それにひきかえ、正しい道理を知り、その道理にしたがって生きようとつとめているものを「人」というのです。つまり人とは「よく考えて行動する、思慮深きもの」のことです。
私たちは、言葉で生活しています。そこで大事なのは、自分のいっている言葉が、相手の心にどんな影響を及ぼすかということ考えて、ものを言わなければなりません。人間というものは、お互いに心の弱いものなのです。チョッとほめられたら嬉しいし、反対に嫌なことを言われたら、腹が立って夜も寝られないこともあります。みんながそのような傷つきやすい、弱い心をもっているのです。
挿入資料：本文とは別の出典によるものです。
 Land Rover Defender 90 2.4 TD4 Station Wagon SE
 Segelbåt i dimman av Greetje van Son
だからこそ自分のなにげない言葉が、相手の心を傷つける可能性が多分にあるのです。よほど配慮していても、つい人を傷つけてしまうのですから、配慮しなかったらどんなことになるか分らないほど、危険な存在が人間なのです。だから思慮深く行動をしようと気をつけて、はじめて「人」になるのです。
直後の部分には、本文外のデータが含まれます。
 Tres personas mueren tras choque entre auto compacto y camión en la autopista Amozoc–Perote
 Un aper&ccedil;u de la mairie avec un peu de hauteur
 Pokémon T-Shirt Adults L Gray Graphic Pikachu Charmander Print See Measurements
親鸞聖人とだいたい同じ頃に、曹洞宗という一宗を開かれた道元禅師は、「ものを言うときは、口の中で三遍言ってから口に出せ」といわれたそうです。それくらいに、言葉を大事にし、配慮されたわけです。私たちも、「相手を痛めつけるようなことを言ってはいないだろうか」と配慮しなければなりません。しかし、申し訳のないことばかりをしているのが実情なのです。しかしその自戒を忘れたら「畜生」になってしまいます。
正しい道理がわかっていないということは、自分がやっていることの過ちがわかりません。過ちがわからなければ、直すすべがありません。そのように正しい道理に目覚め、正しい道理に照らして、自分の行いを反省するときに、はじめて「恥ずかしい」という感情が出てきます。お経には、「恥ずかしい」ということを知っているものを「人」とよぶといわれています。逆に「恥ずかしい」ということを知らないものを「畜生」というと説かれています。
過ちを犯さない人はいません。しかし、その過ちに気づいて、その過ちを恥じ、正していこうとするという思いがあって、はじめて「人」だといわれているのです。